TRY IT:
Leave out the pictures, and reproduce exactly the lines from the line containing "this 745×622 image." through the final line of the entries.

● ● ●

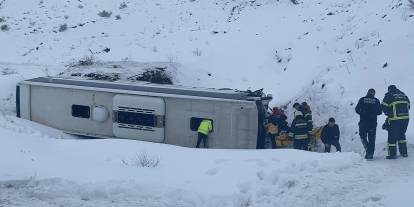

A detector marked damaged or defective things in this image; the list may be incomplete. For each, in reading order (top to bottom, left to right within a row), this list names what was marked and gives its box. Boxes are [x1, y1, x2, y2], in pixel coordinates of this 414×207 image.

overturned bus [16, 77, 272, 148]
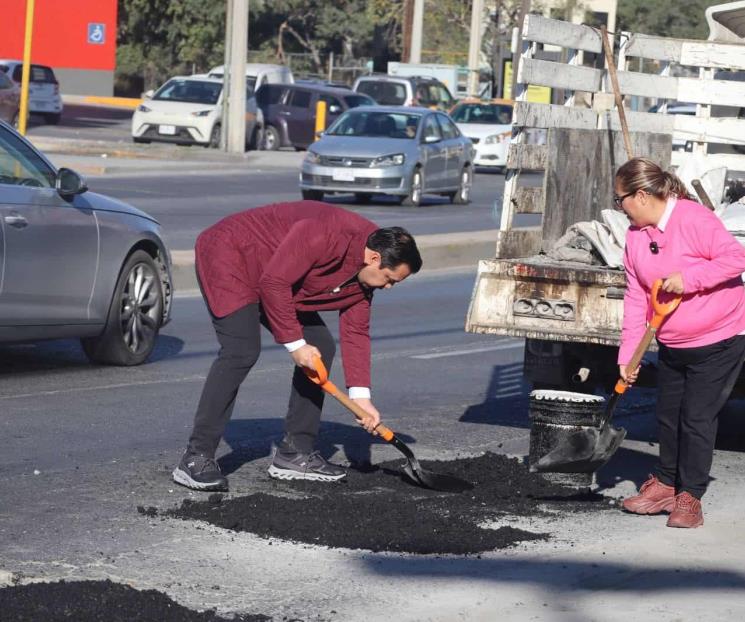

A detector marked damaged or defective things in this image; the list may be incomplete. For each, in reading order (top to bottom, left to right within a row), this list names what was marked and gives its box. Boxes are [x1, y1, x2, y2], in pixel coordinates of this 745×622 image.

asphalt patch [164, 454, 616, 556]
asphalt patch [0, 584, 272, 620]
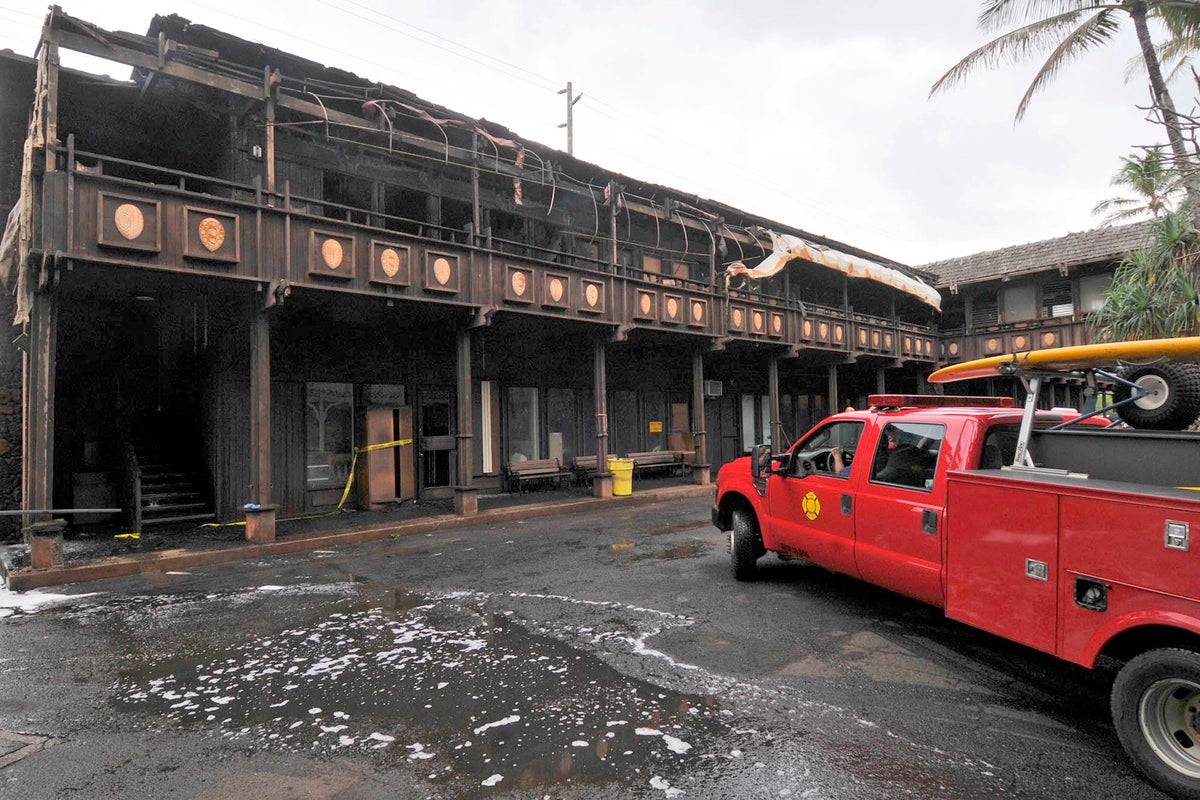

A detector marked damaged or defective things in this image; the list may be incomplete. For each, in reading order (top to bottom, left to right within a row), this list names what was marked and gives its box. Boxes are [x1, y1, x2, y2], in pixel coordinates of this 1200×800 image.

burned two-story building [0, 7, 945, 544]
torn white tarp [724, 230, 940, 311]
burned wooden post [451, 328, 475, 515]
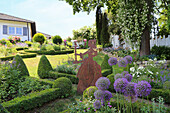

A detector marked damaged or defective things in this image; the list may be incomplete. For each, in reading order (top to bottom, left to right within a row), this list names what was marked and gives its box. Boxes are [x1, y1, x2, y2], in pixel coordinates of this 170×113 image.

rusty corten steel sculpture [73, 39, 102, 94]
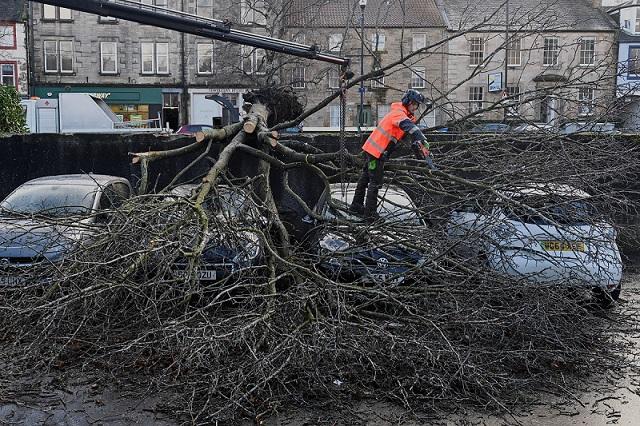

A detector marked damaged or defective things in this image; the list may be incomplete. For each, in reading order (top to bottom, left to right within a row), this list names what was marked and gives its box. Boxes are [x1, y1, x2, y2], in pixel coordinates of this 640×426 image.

● ● ●

EXERCISE SOLUTION:
A detector marked damaged or defective things in this image; the list may be incomplete. For each, in reading order (top to bottom, left to right within a row), this list names what was marked and gives its box. Boxes are [x1, y1, x2, y2], in pixel coordinates of this 745×622 image.

asphalt patch [164, 454, 616, 556]
asphalt patch [0, 584, 272, 620]

A detector marked damaged or defective things in this image; the list may be incomplete. For each, in reading order (top to bottom, left to right within a row), this list names what was marked and gives its box. Boxes are [x1, y1, x2, y2], in pixel coordinates of this 1200×800 image.

burned two-story building [0, 7, 945, 544]
torn white tarp [724, 230, 940, 311]
burned wooden post [451, 328, 475, 515]

A detector marked damaged or defective things in this image; the list may be incomplete. For each, in reading order (top to bottom, left to right within a row), this list names what was marked and gives its box. Boxes are [x1, y1, x2, y2], in pixel coordinates of this 170×113 image.

rusty corten steel sculpture [73, 39, 102, 94]

A detector marked damaged or defective things in this image; the list may be incomplete. For each, in reading order (top to bottom, left to right within a row), this list names what was marked and gives its box. Boxes are [x1, y1, x2, y2], in pixel coordinates of this 640×426 image.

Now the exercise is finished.